> _SUPPLIED DATA_
=== Section Start ===
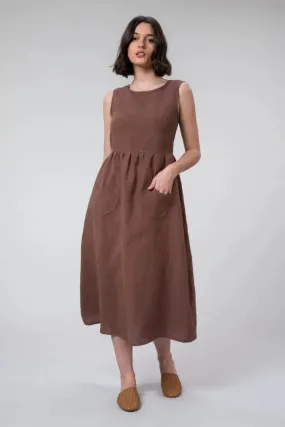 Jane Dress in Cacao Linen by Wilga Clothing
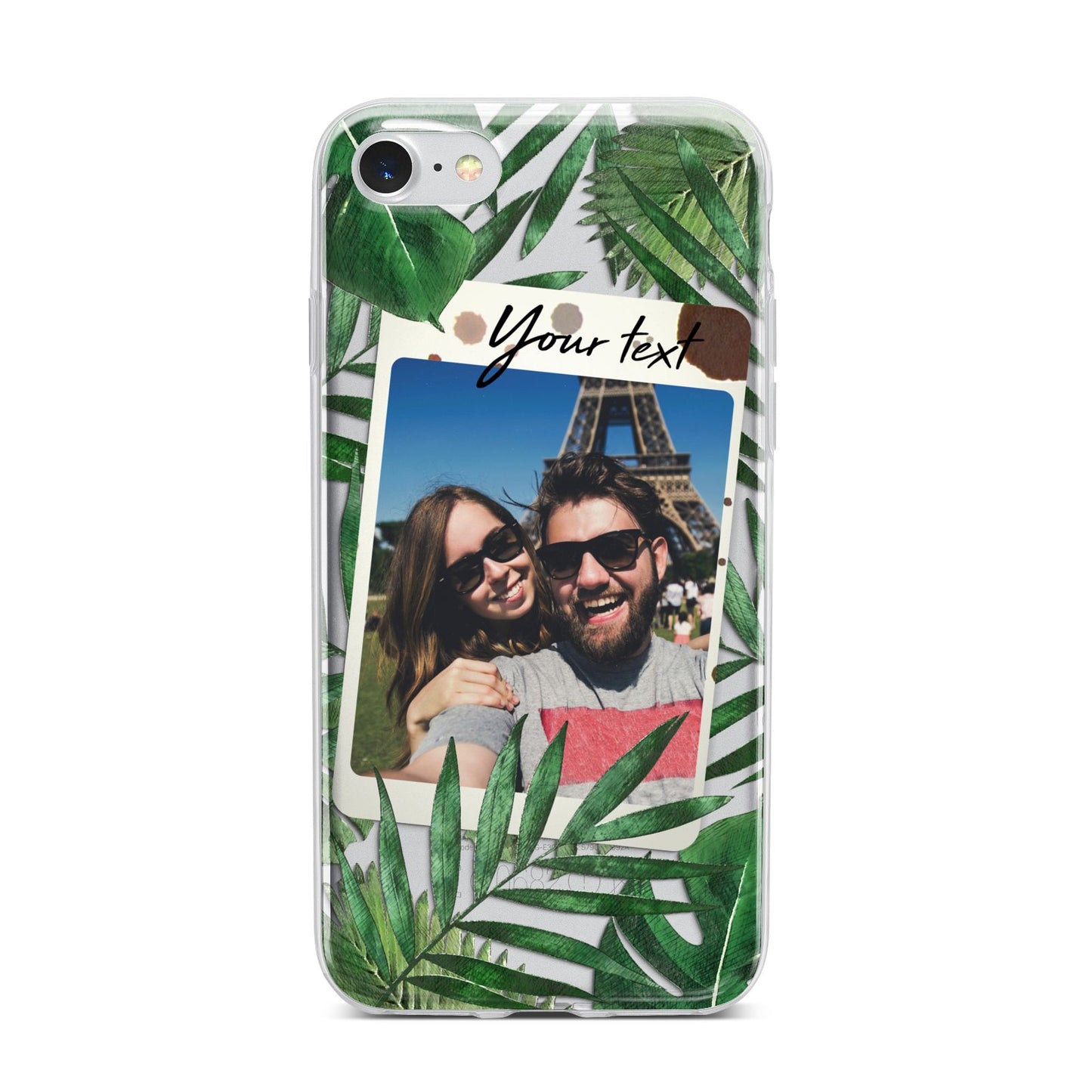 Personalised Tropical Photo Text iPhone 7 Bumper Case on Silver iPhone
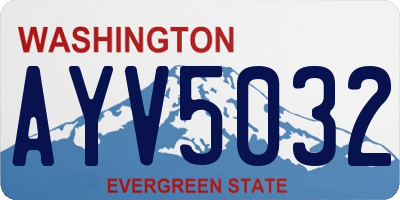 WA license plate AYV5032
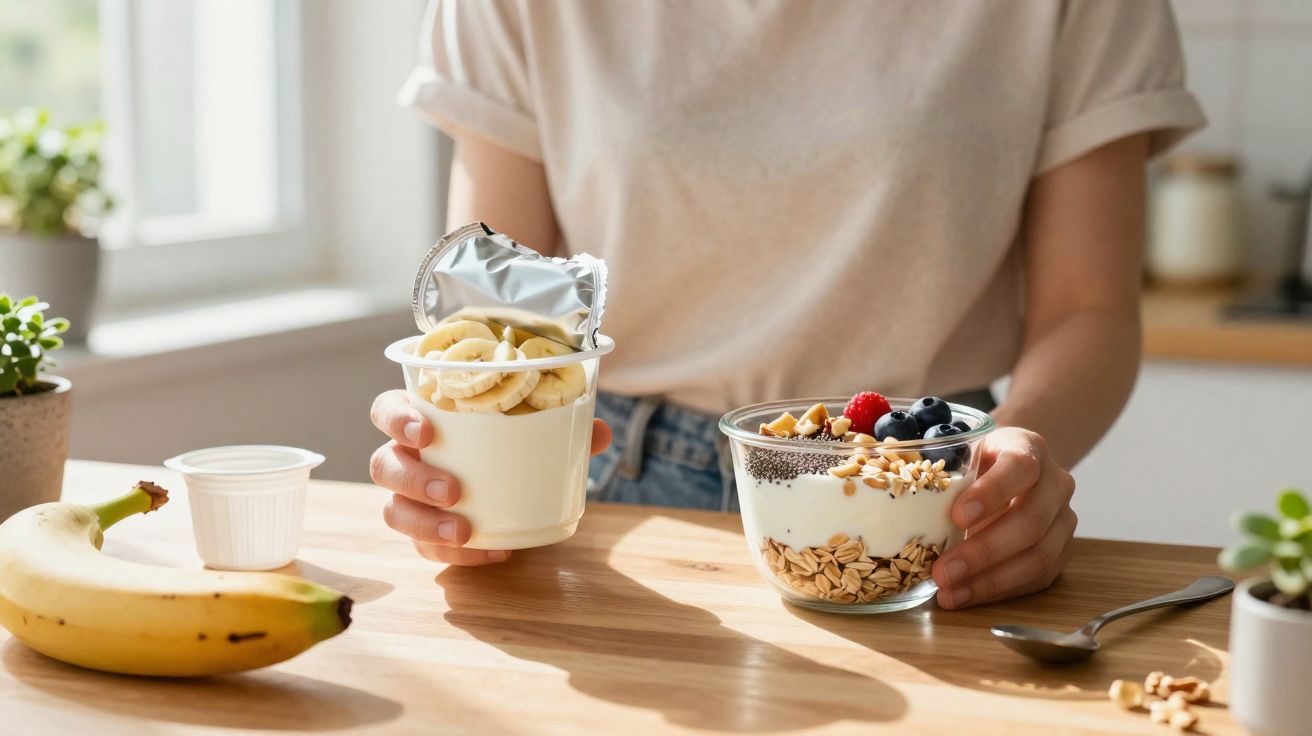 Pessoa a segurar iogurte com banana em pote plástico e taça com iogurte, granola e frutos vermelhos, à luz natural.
=== Section End ===
Without including any images, output the data exactly as given.

> _OUTPUT FOR THIS TASK_
 Jane Dress in Cacao Linen by Wilga Clothing
 Personalised Tropical Photo Text iPhone 7 Bumper Case on Silver iPhone
 WA license plate AYV5032
 Pessoa a segurar iogurte com banana em pote plástico e taça com iogurte, granola e frutos vermelhos, à luz natural.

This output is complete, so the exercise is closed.